I don't think that is as true on the state court level. The state courts obviously, first of all, there are 50 of them; secondly, some are wealthier than others and many don't have the funds to really do the kind of advanced training that one would need to understand difficult technology.

It's a different answer depending on federal or state court. Of course, most litigation is in the state court. We who came from the federal system think we have a monopoly -- we have anything but. Most litigation is in the state court. So, that remains an issue.

"[I]f you can't get decent training and education through your court system, then really it's up to the parties to educate a judge..."

But if you can't get decent training and education through your court system, then really it's up to the parties to educate a judge and if they don't do it well, I think the judge can stand on that, saying “I'm sorry, but you have not made a case for why this is not proportional, [why] I shouldn't allow it,” on one hand, or “You haven't made a case for why you need it,” on the other hand. So, if you have the burden of proof, you lose. I think parties are pretty aware that they have the burden to educate the court - particularly with technologies that are new and the court has not seen before.

Logikcull: There has been an explosion in data these past few years, particularly with more and more connected devices. You have the growth of the Internet of Things, for example -- your smart speakers, phones, your Fitbit tracking you all the time. There's been some worry that this data growth is going to add more and more burden to litigation in terms of discovery, ESI, production, review.

On the other hand, there’s an argument that technology is going to make it that much easier to get through all of the extraneous information that's gathered and focus on the hottest documents and data points. Where, if anywhere on this scale, do you see yourself? How do you think technology and data growth are going to operate in the discovery context?

Scheindlin: There's a different answer for the two words you used, data growth and technology. With respect to data growth, there are always more and more sources that collect more and more data. I've seen incredibly interesting statistics about the growth of data. It doubles every year. It quadruples every 5 years. It's just enormous. So, I think that makes the discovery process much more difficult.

We know there is a lot of controversy now about collecting data from personal devices of employees or even the company-enabled devices that employees get. It's really hard because people use their devices for business and for personal [reasons]. They're all intertwined and mixed up and you have to be able to separate them. I think the big topic is personal devices and company devices and, of course, social media that's all over those devices. There is more and more data, more privacy concerns, collections concerns, possession, custody, and control concerns.
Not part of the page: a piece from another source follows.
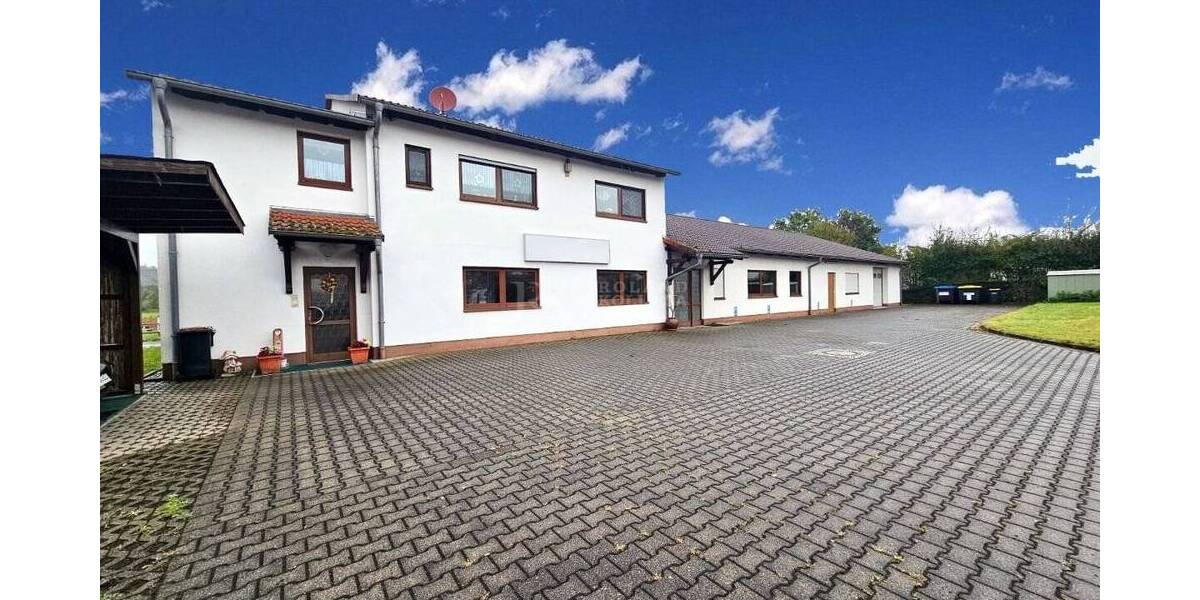 Vielseitige Gewerbeimmobilie mit ca. 340 m² HalleLager, ca.150 m² Bürofläche & ca.133 m² Wohnung zimmer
That’s one side of the question.

On the other hand, on the technology side, as technology improves, collection, search and review should become less expensive.

"Data growth is huge and it adds up to a lot more data, a lot more collection, search, and review, but technology helps us do it quicker and cheaper."

Initially, things are more expensive. The first television cost a lot of money. But once the years go by and it's mass-produced, and it's miniaturized, it becomes something everybody can afford. That's probably what's going on with the use of technology for collection, search, review and even production. All of the costs are actually going down and technology is not a threat and not a foe of being able to do decent search job.

There have been a number of opinions that say perfection is not required. One does the best under the circumstances, [considering] both costs and time-efficiencies. We may not find every last tidbit, but most of that stuff is irrelevant anyway.

So, the answers differ. Data growth is huge and it adds up to a lot more data, a lot more collection, search, and review, but technology helps us do it quicker and cheaper.